Libby told me story after story of being a vulnerable young woman whose body men felt entitled to.

‘I was staying in a communal area and one night there was a man standing on my pillow, looking down at me in his underpants. He said: “sorry, I thought this was my bed”. I was really upset and the man that came to help me hugged me – and wouldn’t unhug me. An older guy there later said ‘you have to look at what you did to manifest that’. I took that on. Every time a guy crossed my boundaries, I wondered what I did to make it happen.’

This is the ultimate in victim blame. When spiritual double-talk suggests that your ‘energy’ authored someone else’s inappropriate or illegal behaviour.

In ‘sexually free’ communities, who does that freedom serve? Libby felt that her sexual freedom as a young woman was constantly impinged by the entitlement of older men.

‘I was having a shower in a hippy house and this guy came in and jumped in the shower with me naked, and started laughing under the guise of being playful and free. I got out and thought… he just wanted to fuck me.’

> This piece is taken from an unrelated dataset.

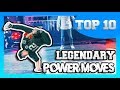 Top 10 legendary powermoves sets in breakdance history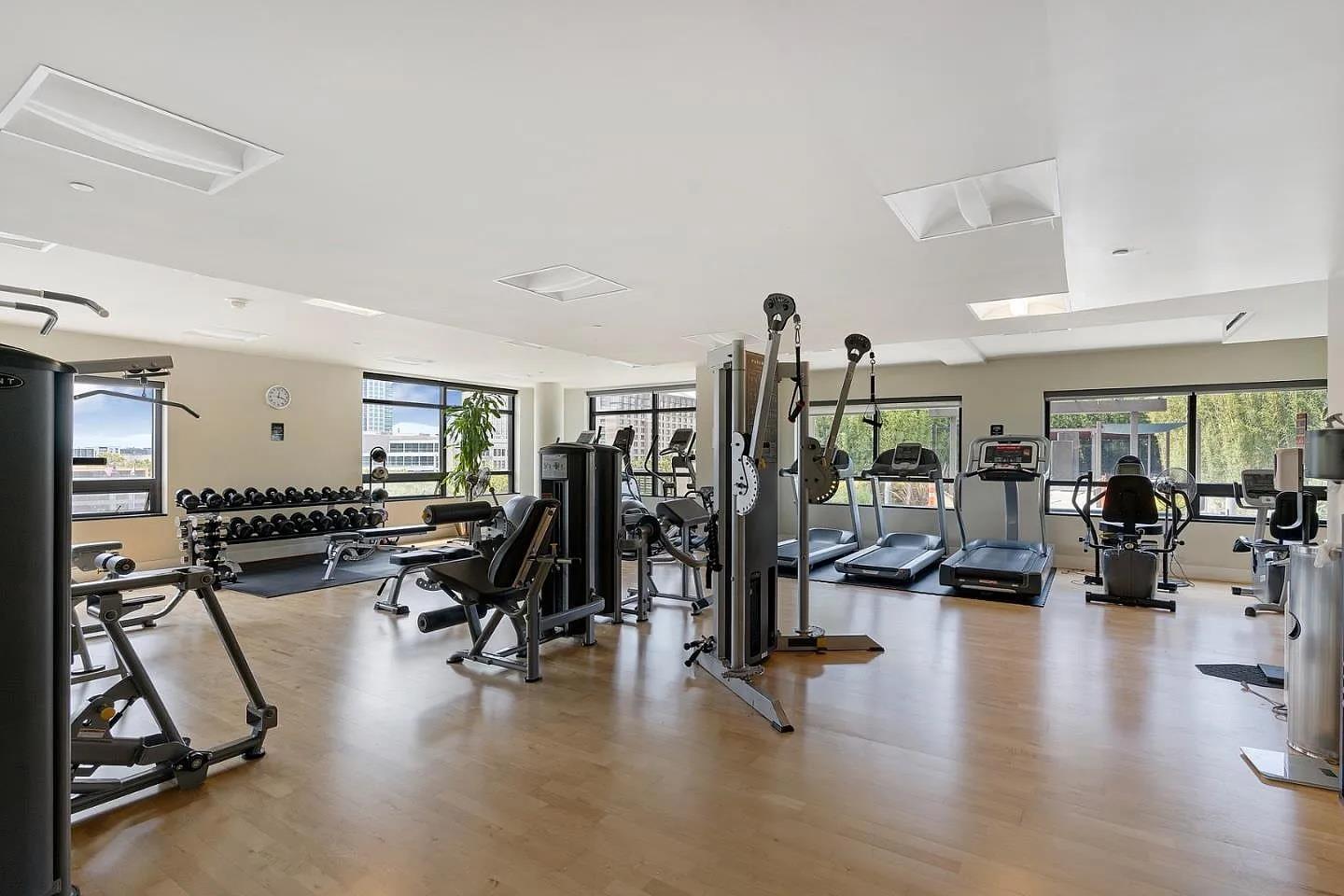 Detail Gallery Image 36 of 47 For 88 E San Fernando St #909,  San Jose,  CA 95113 - 1 Beds | 1 Baths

She tells stories of the partners of friends jumping into bed with her, of some offering to help her with some work, but instead showing her hardcore porn, and consistent within this narrative was that in some parts of the ‘spiritual’ community women who won’t consent are considered to have something wrong with them.

‘I had dinner with a friend who was running a spiritual rite of passage program and it was clear he wanted to have sex. I told him I wasn’t interested. He said “Libby, you have too many boundaries and you don’t trust people.” I wasn’t 18 anymore. I got so mad I told him “fuck off, I’m not playing your mind games.”

Libby told me her story because she believes there are still many vulnerable young women who don’t have the inner strength or awareness to say ‘No’ and be fine with it. Some may be traumatised and say ‘Yes’ out of patriarchal conditioning. ‘I have been on so many dates where I say “No No No” and they beg, and I eventually say “Yes”. I call it consensual rape.’

Consent is not an app, or an ad. It is a conversation. And if you are a man reading this, worrying about if you’ll ever have sex again if women feel entitled to say ‘No’– that is your privilege speaking. We will let you know if we want to have sex. You can ask. We can say ‘No’. But you might be lucky – we may even say ‘Yes’.